本書は、ある経済政策の成功と失敗の分析ではなく、なぜ、ある政策アイデアが経済学者の世界のみならず社会全般に受け入れられ、現実の政策として実行されるようになったのかを分析するものだ。

保護貿易主義や、経常収支黒字が勝ちで赤字が負けという「国際競争主義」も議論されているが、焦点はマクロ安定化政策をめぐるケインズ経済学についての議論だ。多くの日本人、あるいは少なからぬ日本の経済学者は、ケインズ主義とは財政政策を用いて経済変動を小さくしようという思想だと考えていると思う。

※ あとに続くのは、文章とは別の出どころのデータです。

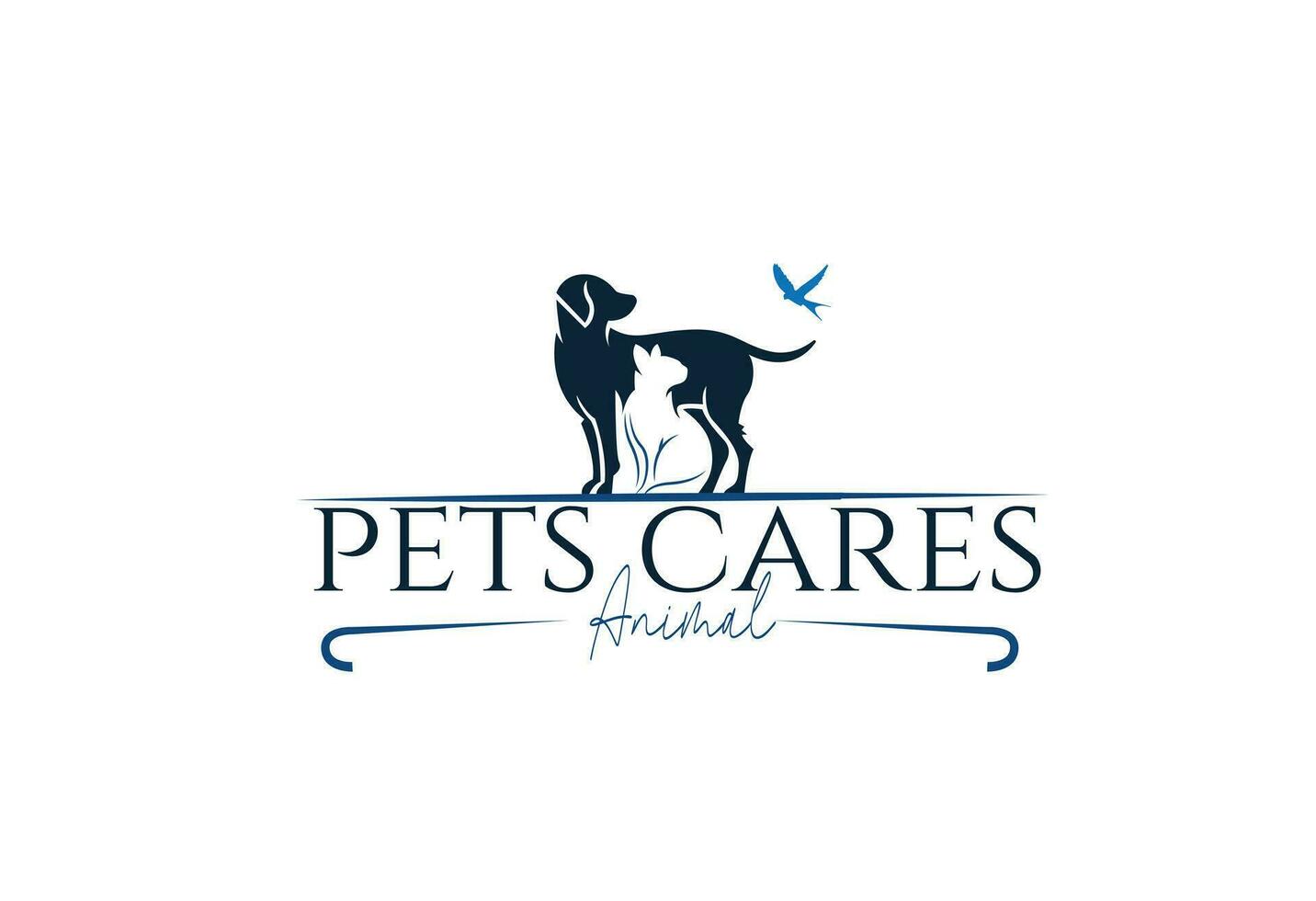 animal Cuidado logotipo com cachorro gato e pássaro vetor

しかし本書は、ケインズ主義とは資本主義経済の本質的な不安定性を安定化するために、政府による積極的な反循環的マクロ経済政策が必要とされるという政策思想であるとする。これがケインズ主義の中核であり、経済安定化の方策は、実証経済学の進歩によって変わらざるを得ない、ラカトシュの言う「防備帯」であるという。

経済の安定化がケインズ主義の中核であるならば、オーストリア学派、フリードマンのマネタリズム、その後継者であるルーカスの新しい古典派の中核は、市場経済は本質的に安定的であり、不安定化するとすれば、政府の誤った介入によるという政策思想と言えるだろう。